Financial Times FT.com

Why tax havens make such great scapegoats

By Jonathan Guthrie

Published: April 2 2009 03:00 | Last updated: April 2 2009 03:00

Monaco is not to everyone's taste. The actor Jack Nicholson described it as "Alcatraz for the rich". The tax haven on the French Riviera lost its appeal for me when I could not buy a takeaway sandwich there. Trudging along the main drag in blistering heat, I encountered limo dealers, yacht brokers and private banks. But no snack bars. Delirious with hunger, I blundered out of Monaco, into France and then back again. Eventually I capitulated and ordered a sandwich in the restaurant of a swanky hotel. Half an hour later, a waiter with the mournfully distinguished bearing of a deposed archduke brought the snack to my table. This cost me €40 and made me late for an appointment.
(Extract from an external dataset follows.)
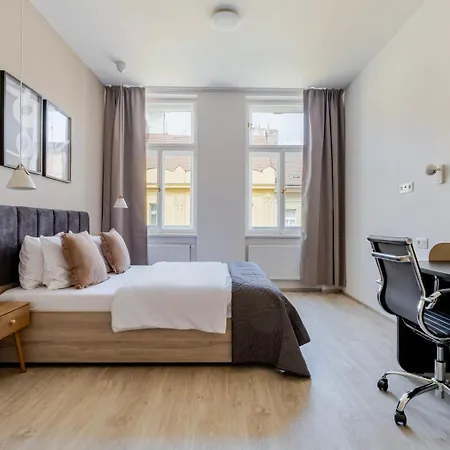 Blueground Nusle Balcony Nr Vysehrad Prg-74 Апартаменты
Of course, I was chasing the wrong dream - to wit, affordable egg and cress on granary bread. Had I wanted to shelter a few millions from the prying eyes of Hector the Tax Inspector, I could have done so easily. But even the principality of the Grimaldis is now succumbing to the campaign against banking secrecy catalysed by Barack Obama, the US president. One outcome likely from the Group of 20 summit in London is a communiqué under which a slew of tax havens will agree to help foreign tax snoops investigate suspected evaders. Monaco is expected to be among them.